The .NET code decides to throw away any duplicate/earlier "in" punch, and any duplicate/later "out" punch. So the result here would be:

EMPID	PTIME-IN		PTIME-OUT
94		3/9/2013 6:09:50	3/9/2013 15:16:48
94		3/11/2013 6:10:56	3/11/2013 17:02:04

Open in new window

_agx_

Change the query in my earlier post, from a LEFT JOIN to an INNER JOIN.

However, I'd strongly suggest testing this with real data to check for unexpected edge cases not shown in the sample data.

;WITH data
AS
(
	SELECT EmpID, punch, ptime
			, ROW_NUMBER() OVER(PARTITION BY EmpID ORDER BY ptime) AS RowNum
	FROM  #yourTable
)
SELECT it.EmpID, it.ptime AS PunchInTime, ot.ptime AS PunchOutTime
FROM   data it INNER JOIN data ot 
		ON it.EmpID = ot.EmpID 
		AND ot.punch = 'OUT' 
		AND it.ptime < ot.ptime 
		AND it.RowNum = ot.RowNum - 1
WHERE  it.punch = 'IN'		
ORDER BY it.EmpId, it.ptime

Open in new window

Results:

EmpID	PunchInTime	PunchOutTime
94	2013-03-09 06:09:50.000	2013-03-09 15:16:48.000
94	2013-03-11 06:10:56.000	2013-03-11 17:02:04.000

Open in new window

Éric Moreau

for your "wrinkle", just add a MAX to my sub queries:

DECLARE @table TABLE (
	EMPID	INT,
	PUNCH	VARCHAR(10),
	PTIME	DATETIME)

INSERT INTO @table ( EMPID, PUNCH, PTIME )
VALUES 
(94, 'IN', '3/9/2013 6:09:24'),
(94, 'IN', '3/9/2013 6:09:50'),
(94, 'OUT', '3/9/2013 15:16:48'),
(94, 'IN', '3/11/2013 6:10:56'),
(94, 'OUT', '3/11/2013 17:02:04'),
(95, 'IN', '2/22/2013 6:00:00'),
(95, 'OUT', '2/22/2013 17:06:32'),
(95, 'IN', '2/23/2013 5:38:02'),
(95, 'OUT', '2/23/2013 14:59:00')

SELECT * FROM @table

SELECT DISTINCT T1.EMPID, CAST(T1.PTIME AS DATE) 
, (SELECT MAX(PTIME) FROM @table WHERE EMPID = T1.EMPID AND PUNCH = 'in' AND CAST(PTIME AS DATE) = CAST(T1.PTIME AS date)) AS 'PTIME-IN'
, (SELECT MAX(PTIME) FROM @table WHERE EMPID = T1.EMPID AND PUNCH = 'out' AND CAST(PTIME AS DATE) = CAST(T1.PTIME AS date)) AS 'PTIME-OUT'
FROM @table AS T1

Open in new window

Rob Rudloff

ASKER

Hi.
Both solutions, by _agx_ and Éric Moreau seem to work with my original test data.

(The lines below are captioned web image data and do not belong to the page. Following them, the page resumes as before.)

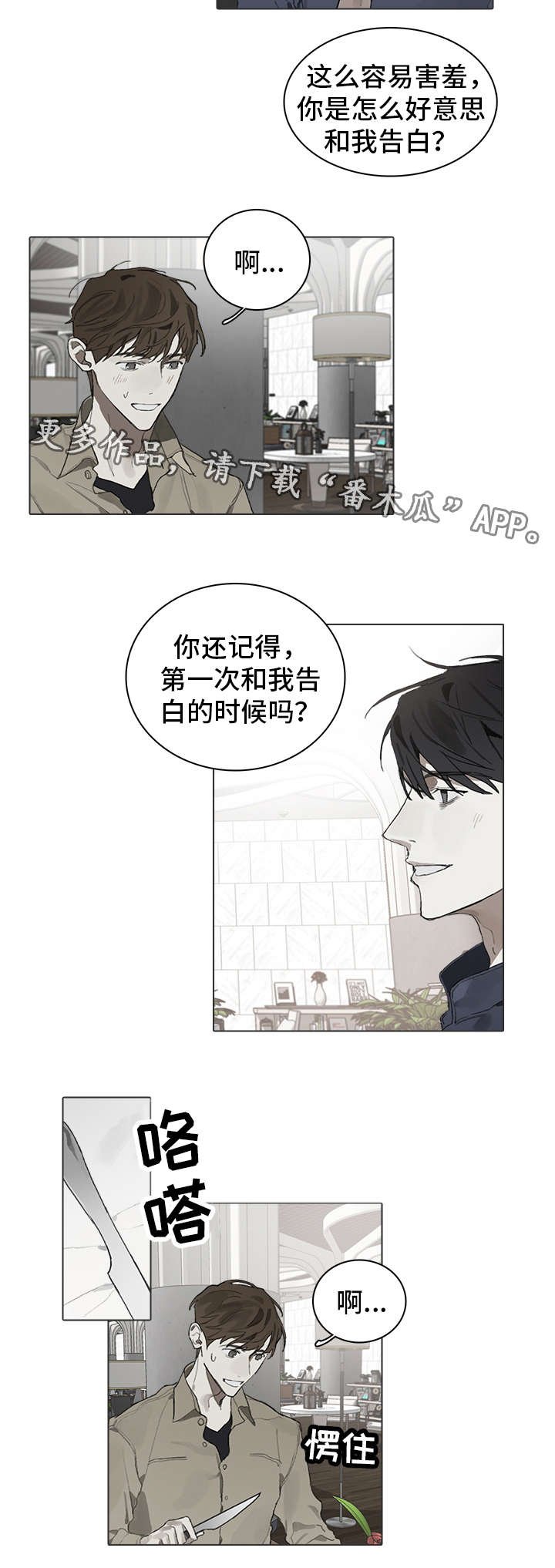第32章：留宿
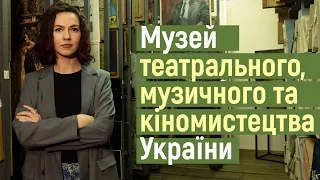 Ідемо в музей. Музей театрального, музичного та кіномистецтва України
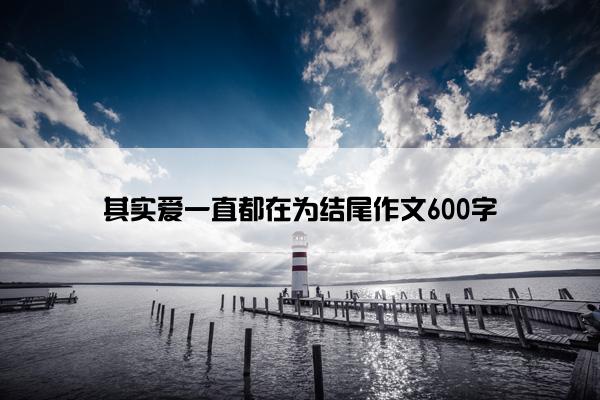 其实爱一直都在为结尾作文600字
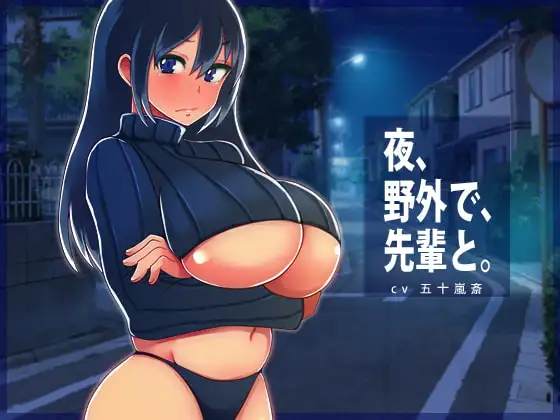 夜、野外で、先輩と。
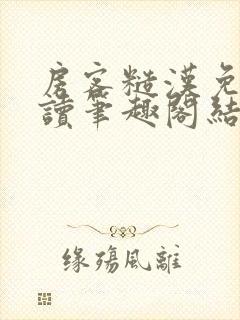 房客糙汉免费阅读笔趣阁结局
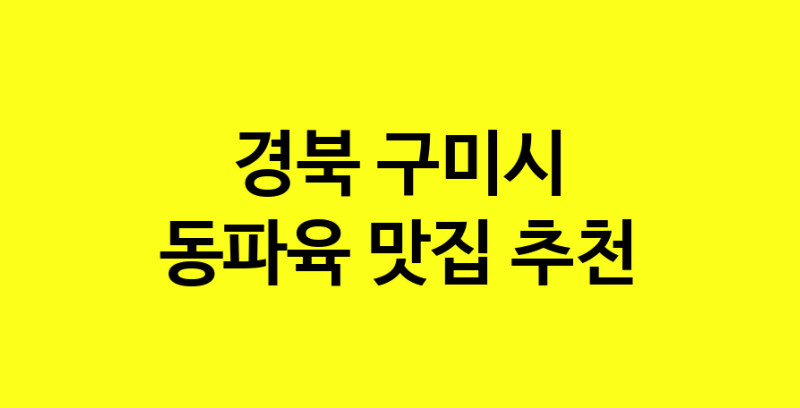 MAd.ma | 동파육잘하는 맛집 추천합니다 경북 구미시에서 동파육전문점 방문해 보세요 norang.Image3__800_800-39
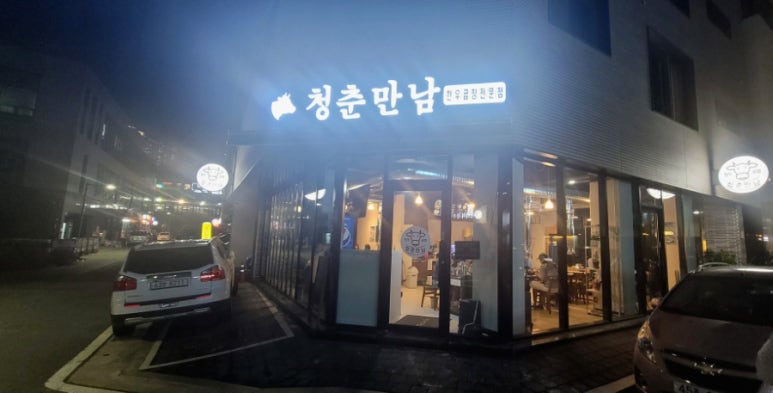 지축곱창청춘만남 이미지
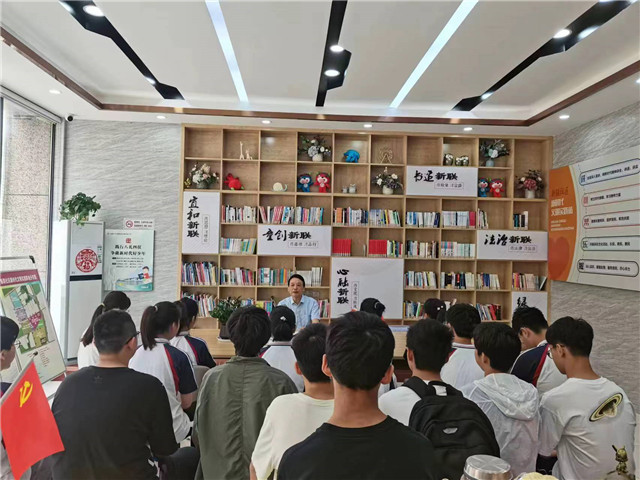 微信图片_20230717154845.jpg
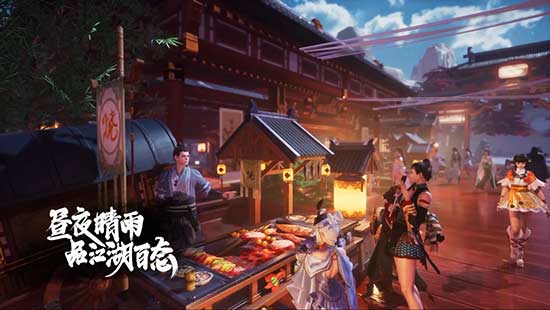  《剑侠情缘 2:剑歌行》即将上线:传说再起剑在手，一生情缘踏歌而行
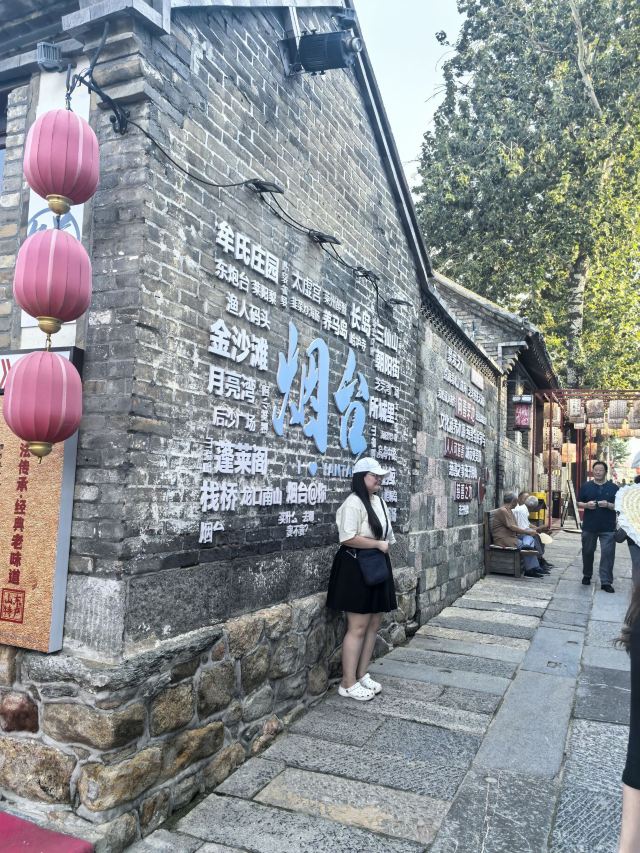 所城里大街57号旅行图片 7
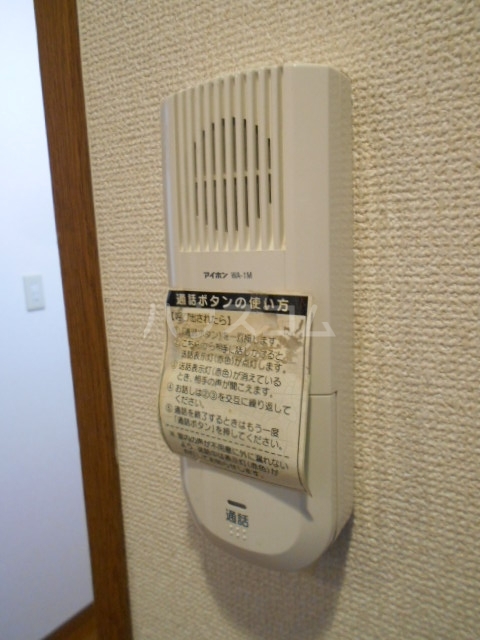 18/23 その他画像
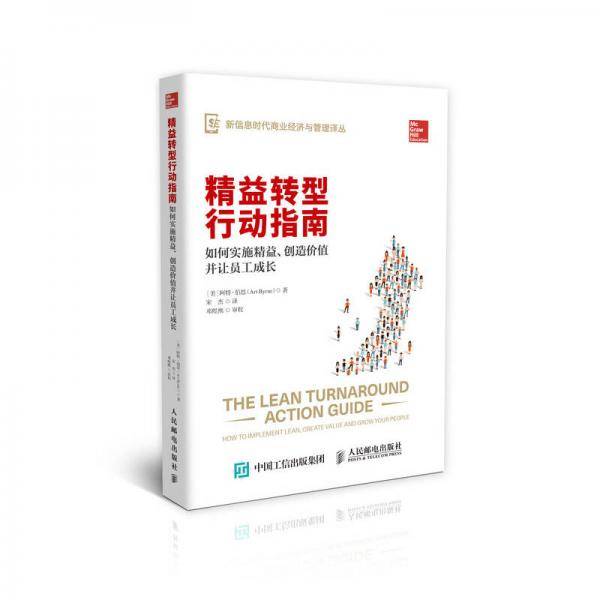 精益转型行动指南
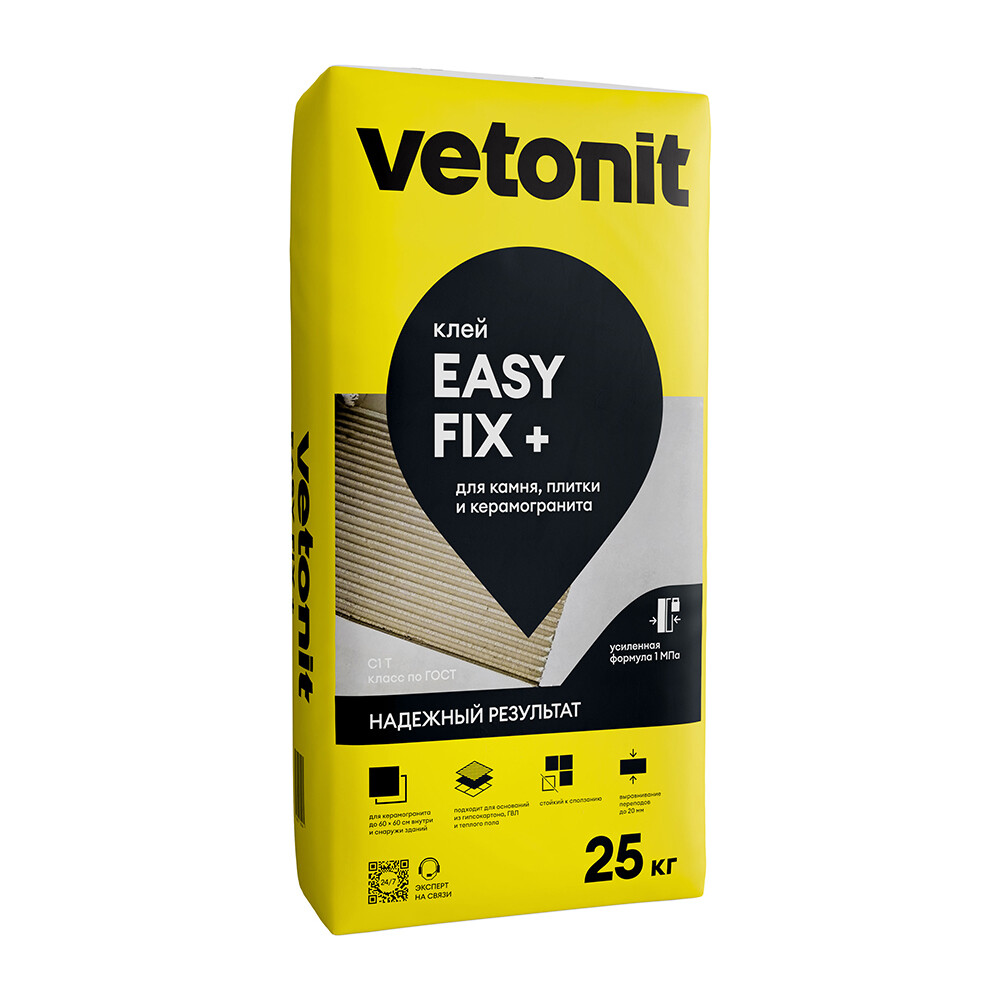 Клей для плитки и керамогранита Vetonit Easy fix + серый класс C1 T 25 кг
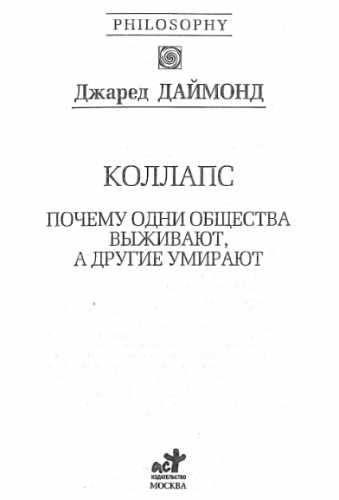 Джаред Даймонд. Коллапс. Почему одни общества выживают, а другие умирают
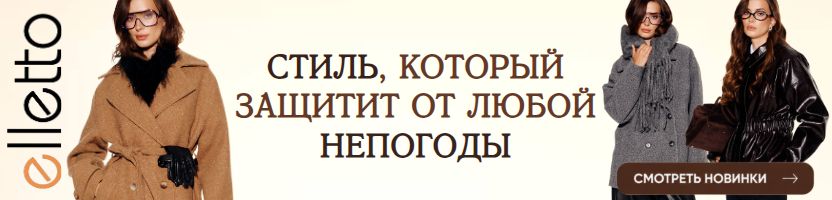 Elletto-красота, доступная каждой! Стильные бомберы, уютные пальто и эффектная экокожа! Elletto-красота, доступная каждой! Стильные бомберы, уютные пальто и эффектная экокожа!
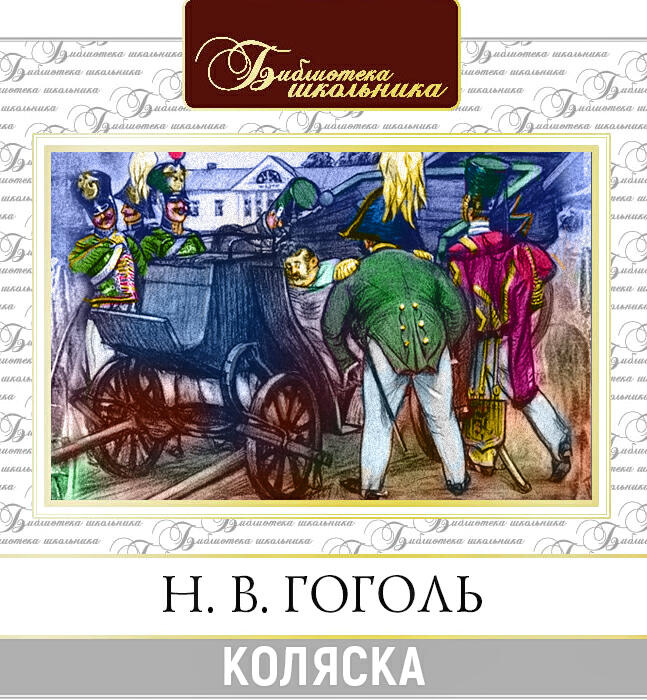 Книга Коляска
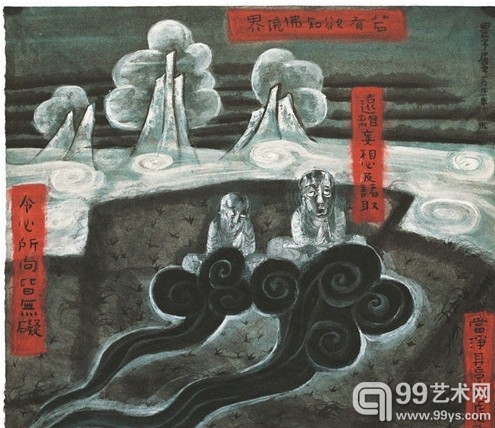 《无题NO.5》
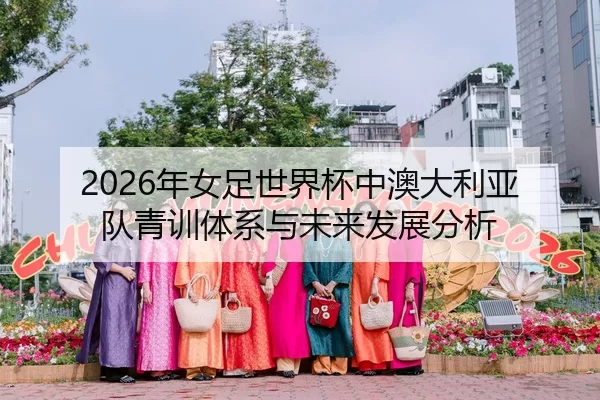 2026年女足世界杯中澳大利亚队青训体系与未来发展分析
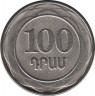  Монета. Армения. 100 драм 2003 год. рев.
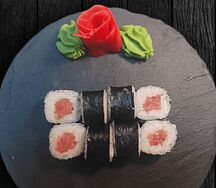 Магуро маки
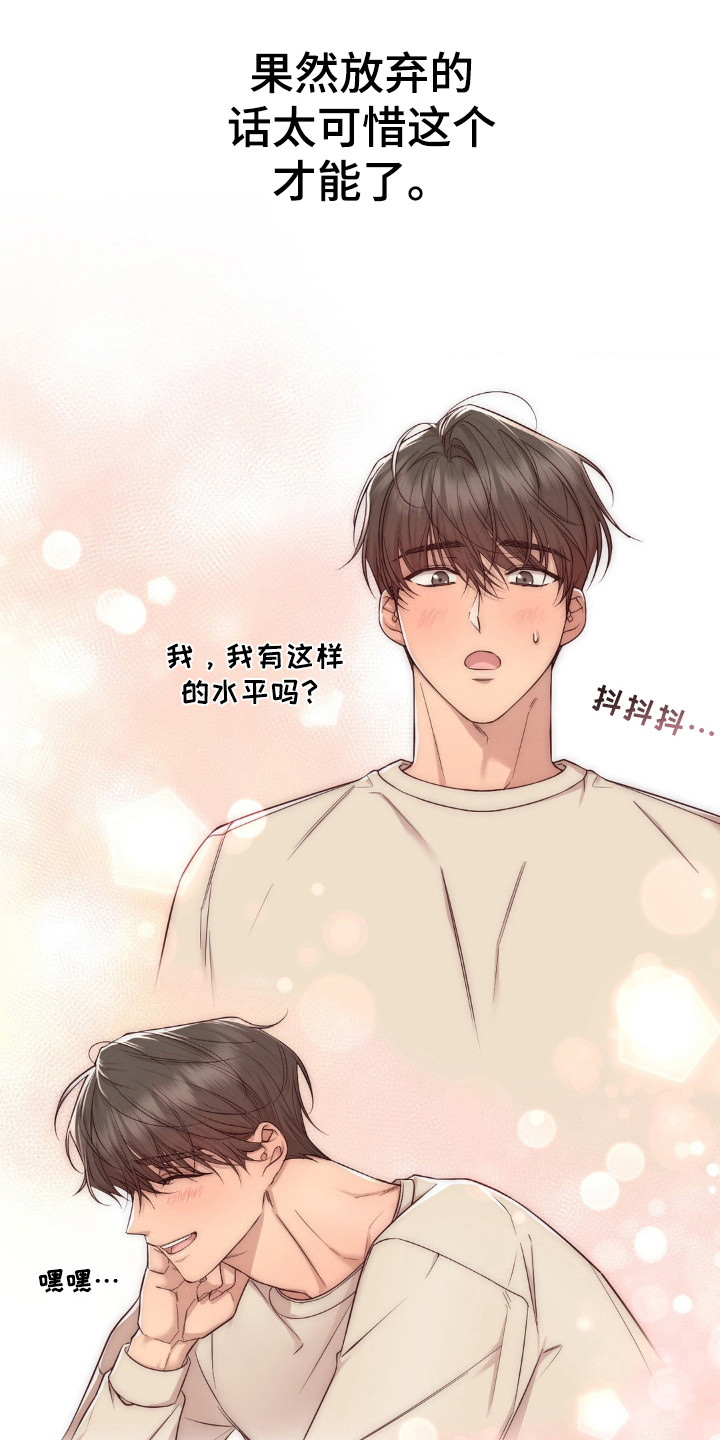 小鲜肉惹上我漫画,第20章：契机4图
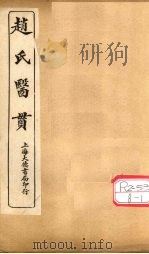 赵氏医贯：医无闾子医贯  卷5（ PDF版）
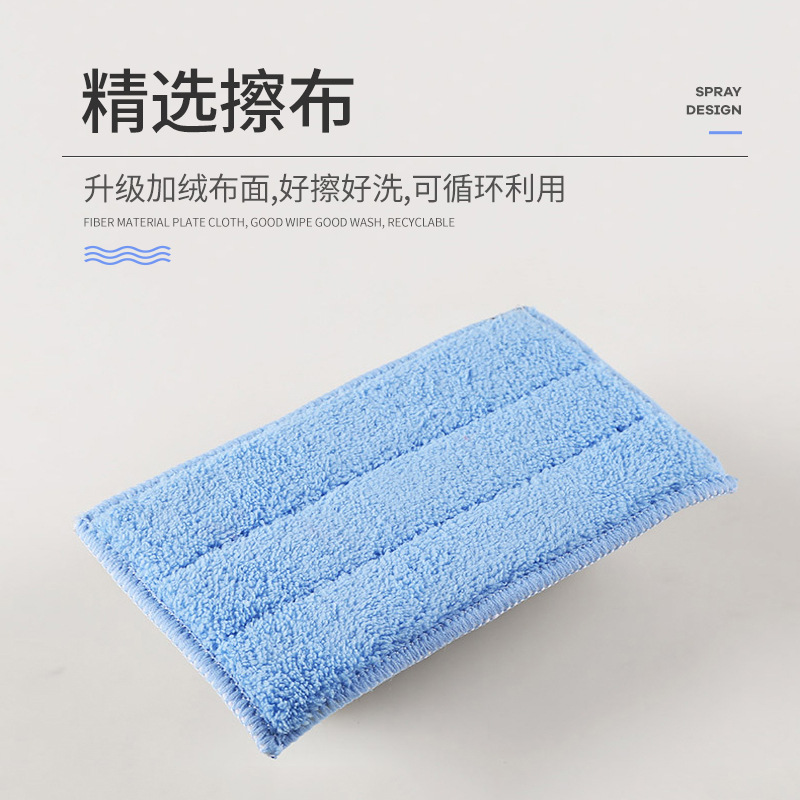 Magnetic Water Spray Blackboard Eraser Whiteboard Eraser Dust-Free Water Soluble Chalk Removable Cleaning Wet Wipe for Teachers and Schools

So I ran both on the actual table, and both solutions are real close to working on all the "weird" data situations.
The data below illustrates the weird/outlier situations, where there are:

duplicate "outs" for a single "in"
an "out" with no "in" (see first record)
an "in" with no "outs" (see last record)
an "out" on the next day from the "in" (see emp 100)

The solution by _agx_ is real close, in that it handles the outlier records.
If I can get it to take the latest "out" record, rather than the first "out" record, then it's perfect.

The solution by Éric Moreau is also close, in that it gets that "later out record", but it doesn't handle the outliers.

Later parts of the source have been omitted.